I want to build a tall-and-skinny matrix whose (i,j) coefficient corresponds to the value found at (id, column_name) with id mapped to i and column name mapped to j.

So far, here's my approach

I load the file

val f = sc.textFile("example.txt") 
    val data = f.map(_.split('|') match {
        case Array(id, column_name, score) =>
        (id.toInt, column_name.toString, score.toDouble)
        }
    )

Then I will build the column_name and ids lists

    val column_name_list = data.map(x=>(x._2)._1).distinct.collect.zipWithIndex
    val ids_list = data.map(x=>x._1).distinct.collect.zipWithIndex
    val nCols = column_name_list.length
    val nRows = ids_list.length

and then I will build a coordinatematrix defining the entries using the mapping I just created;

    val broadcastcolumn_name = sc.broadcast(column_name_list.toMap)
    val broadcastIds = sc.broadcast(ids_list.toMap)

    val matrix_entries_tmp = data.map{
            case(id, column_name, score) => (broadcastIds.value.getOrElse(id,0), broadcastcolumn_name.value.getOrElse(column_name,0), score)
    }   

    val matrix_entries = matrix_entries_tmp.map{
            e => MatrixEntry(e._1, e._2, e._3)
    }   

    val coo_matrix = new CoordinateMatrix(matrix_entries)

This work fine on small examples. However, I get a memory error when the id list is getting huge. The problem seems to be:

val ids_list = data.map(x=>x._1).distinct.collect.zipWithIndex

that induces a memory error

What would be a workaround ? I actually don't really need the id mapping. What is important are the column names and that each row corresponds to some (lost) id. I was thinking about using a IndexedRowMatrix but I am stuck in how to do it.

Thanks for the help!!

1

1 Answers

1
votes

CoordinateMatrix

Too ugly to be a decent solution but it should give you some place to start.

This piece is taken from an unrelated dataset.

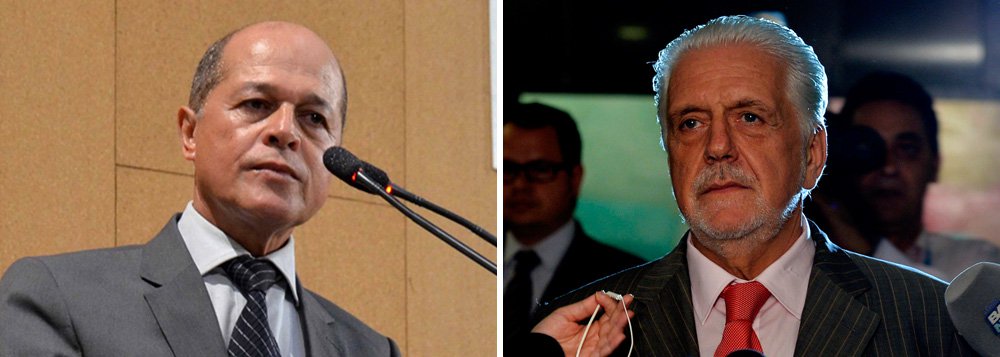 Líder do PT na Assembleia Legislativa da Bahia, o deputado Joseildo Ramos comentou sobre o mandado de busca e apreensão executado pela Polícia Federal, na operação Cartão Vermelho, na casa do ex-governador Jaques Wagner (PT); "Isso é um espetáculo calculado para eliminá-lo do processo eleitoral antes mesmo que ele se inicie. Do jeito que anda a justiça, temo pelo momento em que se filiar ao PT vai virar crime previsto no código penal”, ironizou o parlamentar (Foto: Charles Nisz) Líder do PT na Assembleia Legislativa da Bahia, o deputado Joseildo Ramos comentou sobre o mandado de busca e apreensão executado pela Polícia Federal, na operação Cartão Vermelho, na casa do ex-governador Jaques Wagner (PT); "Isso é um espetáculo calculado para eliminá-lo do processo eleitoral antes mesmo que ele se inicie. Do jeito que anda a justiça, temo pelo momento em que se filiar ao PT vai virar crime previsto no código penal”, ironizou o parlamentar
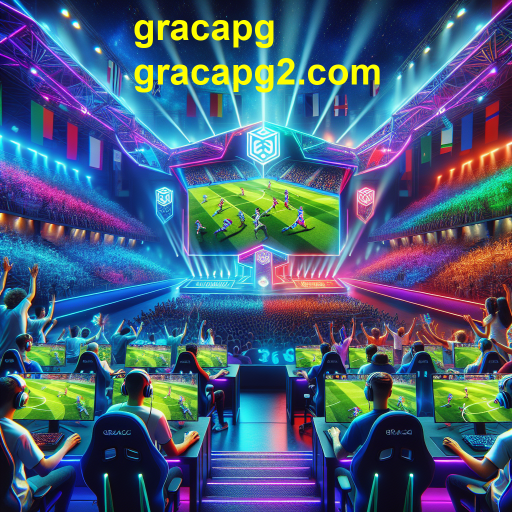 A Ascensão dos Jogos de Esportes: Uma Nova Era de Interação e Competição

First lets create a mapping between column name and index:

val colIdxMap = sc.broadcast(data.
     map({ case (row, col, value) => col }).
     distinct.
     zipWithIndex.
     collectAsMap)

Group columns by row id and map values to pairs (colIdx, value):

val values = data.
    groupBy({ case (row, col, value) => row }).
    mapValues({ _.map { case (_, col, value) => (colIdxMap.value(col), value)}}).
    values

Generate entries:

val entries = values.
     zipWithIndex.
     flatMap { case (vals, row) =>
         vals.map {case (col, value) => MatrixEntry(row, col, value)}
     }

Create a final matrix:

val mat: CoordinateMatrix = new CoordinateMatrix(entries)

RowMatrix

If row ids are not important at all you can use a RowMatrix as follows:

First lets group data by row

val dataByRow = data.groupBy { case (row, col, value) => row }

Generate sparse vector for each row:

val rows = dataByRow.mapValues((vals) => {
    val cols = vals.map {
        case (_, col, value) => (colIdxMap.value(col).toInt, value)
    }
    Vectors.sparse(colIdxMap.value.size, cols.toSeq)
}).values

Create a matrix:

val mat: RowMatrix = new RowMatrix(rows)

You can use zipWithIndex on rows to create a RDD[IndexedRow] and IndexedRowMatrix as well.